And Lionsgate is, advisably, playing it safe, asking the original film's choreographer Kenny Ortega to direct. Thankfully, he has actually directed movies since then, most notably the High School Musical franchise, which may point towards a more glossy, slick version of Dirty Dancing than the surprisingly rough-hewn original.

But it's a high-risk strategy - Ortega has to simultaneously appeal to the 21st-century teenagers rather less used to a political subtext (and there is one, about teenage pregnancy) in their airbrushed, feel-good 3D films and the ready-made audience of 30 and 40-somethings who have returned to the movie again and again. Offend the latter constituency, and Dirty Dancing 2012 will be dead in the water by the time the devoted masses manage to get around to arranging childcare to go and see it.

Much-loved classics ferment in our nostalgic minds so fiercely, the remakes can never compare - even if the originals weren't the greatest films in the first place.

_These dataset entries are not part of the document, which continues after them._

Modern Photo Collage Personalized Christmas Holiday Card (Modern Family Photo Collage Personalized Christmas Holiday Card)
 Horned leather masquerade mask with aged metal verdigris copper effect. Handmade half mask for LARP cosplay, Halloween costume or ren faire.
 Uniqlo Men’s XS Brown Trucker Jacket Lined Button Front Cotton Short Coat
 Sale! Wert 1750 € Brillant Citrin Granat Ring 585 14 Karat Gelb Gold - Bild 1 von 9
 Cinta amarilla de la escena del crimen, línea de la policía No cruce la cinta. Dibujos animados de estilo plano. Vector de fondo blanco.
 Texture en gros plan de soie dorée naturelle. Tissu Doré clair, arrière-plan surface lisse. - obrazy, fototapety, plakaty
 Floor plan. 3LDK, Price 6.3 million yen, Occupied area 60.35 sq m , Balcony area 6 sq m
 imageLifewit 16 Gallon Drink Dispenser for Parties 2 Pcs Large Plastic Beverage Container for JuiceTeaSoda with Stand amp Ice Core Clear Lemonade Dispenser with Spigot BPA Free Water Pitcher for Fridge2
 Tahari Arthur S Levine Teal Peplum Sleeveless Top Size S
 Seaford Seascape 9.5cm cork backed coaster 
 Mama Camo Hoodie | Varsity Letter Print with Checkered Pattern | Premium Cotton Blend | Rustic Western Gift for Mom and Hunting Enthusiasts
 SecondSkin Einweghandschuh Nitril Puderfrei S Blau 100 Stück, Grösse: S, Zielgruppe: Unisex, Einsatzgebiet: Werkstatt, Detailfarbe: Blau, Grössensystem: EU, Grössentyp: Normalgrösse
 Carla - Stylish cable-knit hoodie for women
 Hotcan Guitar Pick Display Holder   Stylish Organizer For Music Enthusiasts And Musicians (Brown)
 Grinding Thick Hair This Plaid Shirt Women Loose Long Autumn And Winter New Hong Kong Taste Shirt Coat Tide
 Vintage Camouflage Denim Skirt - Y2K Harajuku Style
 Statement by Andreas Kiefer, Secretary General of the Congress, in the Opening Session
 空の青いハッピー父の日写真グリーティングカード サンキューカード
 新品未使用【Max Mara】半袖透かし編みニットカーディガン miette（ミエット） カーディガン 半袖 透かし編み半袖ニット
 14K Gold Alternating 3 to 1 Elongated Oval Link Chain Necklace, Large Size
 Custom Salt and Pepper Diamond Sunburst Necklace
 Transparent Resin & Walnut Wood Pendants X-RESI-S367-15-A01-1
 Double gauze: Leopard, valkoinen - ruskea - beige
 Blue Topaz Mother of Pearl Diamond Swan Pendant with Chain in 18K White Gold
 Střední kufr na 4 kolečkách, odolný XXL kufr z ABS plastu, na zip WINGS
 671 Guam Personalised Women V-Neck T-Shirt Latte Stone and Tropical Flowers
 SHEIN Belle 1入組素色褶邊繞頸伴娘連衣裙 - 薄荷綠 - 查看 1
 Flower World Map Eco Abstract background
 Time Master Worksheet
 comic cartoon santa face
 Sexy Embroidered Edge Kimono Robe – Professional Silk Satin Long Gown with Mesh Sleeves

Take this year's remake of Arthur, starring Russell Brand. Admittedly, it wasn't the greatest film of 2011 - James Mottram wrote in The National that "remakes are often wrong, simply on principal, and Arthur is no different". But actually, the Dudley Moore version isn't brilliant in hindsight either (even though, bizarrely, it was nominated for four Oscars). It's John Gielgud's Oscar-winning turn as the butler that really stands the test of time.

And to watch Christopher Reeve in Superman now is a lesson in laughable special effects. But, in a way, that's the charm of the film. It lodged in the hearts and minds of generations of kids - and kick-started the whole superhero genre - specifically because of its simplicity.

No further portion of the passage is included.